Maintaining a backyard pond requires diligence and hard work. Skimming, tending to plants and fish, checking on electronic features, and more are all part of what keep your pond functioning and enjoyable for years to come. While you may depend on your fish pond filter to keep your pond clean and safe for your fish, it is up to you to keep that filter clean.

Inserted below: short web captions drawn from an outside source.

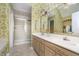Well-lit bathroom with double sinks, a large mirror, and glass enclosed shower at 11697 Whisper Bay Ct, Carmel, IN 46033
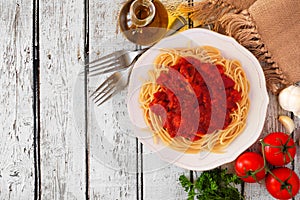 Spaghetti pasta with tomato sauce, peppers and mushrooms, top view corner border on a white wood background with copy space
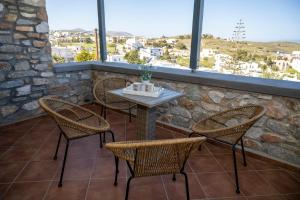 a table and chairs on a patio with windows at Aegean Suite in Azolimnos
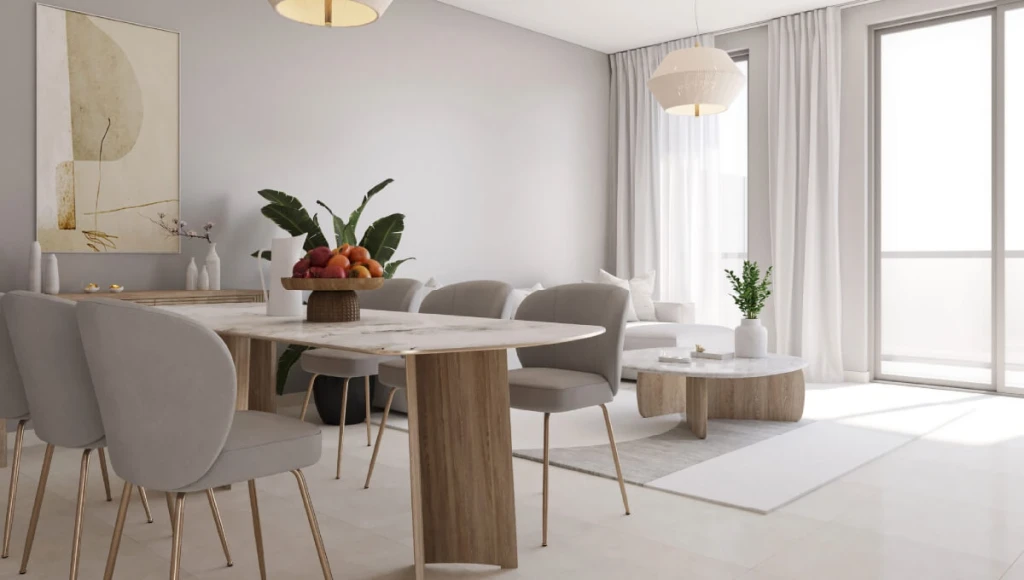 Contemporary living room with white furnishings and a large window, reflecting the chic atmosphere of Terrazzo Residences.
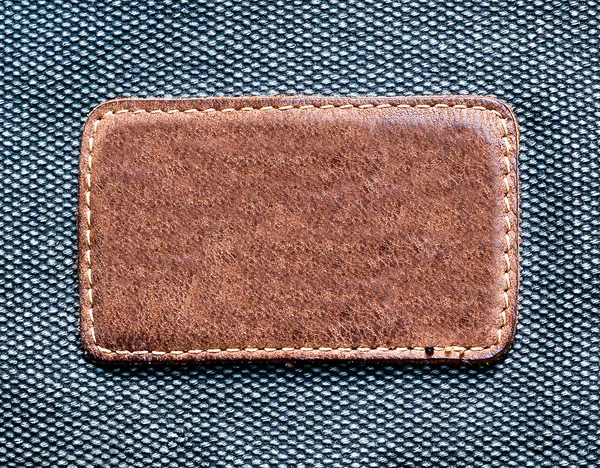 Rectangular leather label isolated over denim texture — Stock Photo, Image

Pond filters are used to clean debris and biological waste from your garden pond. Most systems have varying degrees of mechanical and/or biological filtration working hard to remove that waste from your pond. Both types of filtration, mechanical and biological, need to be kept clean and require different steps to get there.

Biological Pond Filters

Biological pond filters work with beneficial bacteria filter media that work hard to break down debris. As water flows through the filter media, the bacteria feed on it, removing the debris and leaving you with clear, healthy water. Because you want these bacteria colonies to flourish in order for these systems to work, there isn’t much that goes into cleaning this kind of fish pond filter. If you notice a decline in water flow or observe mats “curling” with the water flow bypassing the media, do a quick rinse in a bucket of pond water. If need be, perhaps at the start of spring and fall, add in some new beneficial bacteria to accelerate the breakdown of leaves, muck and other organic sediment that builds up during the fall and winter months, while replenishing bacteria loss in the spring.

Mechanical Pond Filters

While biological pond filters are capturing those microscopic pieces of debris, mechanical filters are working hard to trap larger annoyances, like leaves, algae and any other unexpected visitors to your pond. All of this debris is usually contained in a net and needs to be cleaned out manually. All you’ll need to do is remove the net, scoop out the debris, give it a rinse and put it right back. You’ll know it’s time to clean out the filter when water flow is reduced, but it is always good practice to check in on your filter regularly, especially in the spring and fall when leaves and pollen are at an all-time high.

It is always a good rule of thumb to keep an eye on your pond throughout the year. Not only will you catch any mishaps with your pond filter, you will be able to see early warning signs for other potential problems, such as your pond fish getting sick or your pond plants getting out of hand.